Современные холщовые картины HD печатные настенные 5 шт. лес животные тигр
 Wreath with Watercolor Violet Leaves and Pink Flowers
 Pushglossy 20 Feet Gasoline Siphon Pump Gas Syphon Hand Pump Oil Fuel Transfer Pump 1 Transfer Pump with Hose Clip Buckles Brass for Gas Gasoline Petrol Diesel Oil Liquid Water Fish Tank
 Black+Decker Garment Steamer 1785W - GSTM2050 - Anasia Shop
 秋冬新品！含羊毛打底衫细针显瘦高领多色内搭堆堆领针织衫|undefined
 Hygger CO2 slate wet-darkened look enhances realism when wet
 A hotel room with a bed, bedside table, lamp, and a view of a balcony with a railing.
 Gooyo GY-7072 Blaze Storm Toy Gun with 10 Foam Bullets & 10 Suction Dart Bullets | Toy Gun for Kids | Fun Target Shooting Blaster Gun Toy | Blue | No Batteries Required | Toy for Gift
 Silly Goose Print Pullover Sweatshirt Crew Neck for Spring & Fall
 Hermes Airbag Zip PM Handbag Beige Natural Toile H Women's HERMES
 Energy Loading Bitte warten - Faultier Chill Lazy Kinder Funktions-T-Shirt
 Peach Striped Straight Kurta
========
ABOUT THIS TASK –
Your reply should be a verbatim retyping of the lines from the one that holds "Silly Goose Print" through the last line of the entries.

RESULT BELOW –
 Silly Goose Print Pullover Sweatshirt Crew Neck for Spring & Fall
 Hermes Airbag Zip PM Handbag Beige Natural Toile H Women's HERMES
 Energy Loading Bitte warten - Faultier Chill Lazy Kinder Funktions-T-Shirt
 Peach Striped Straight Kurta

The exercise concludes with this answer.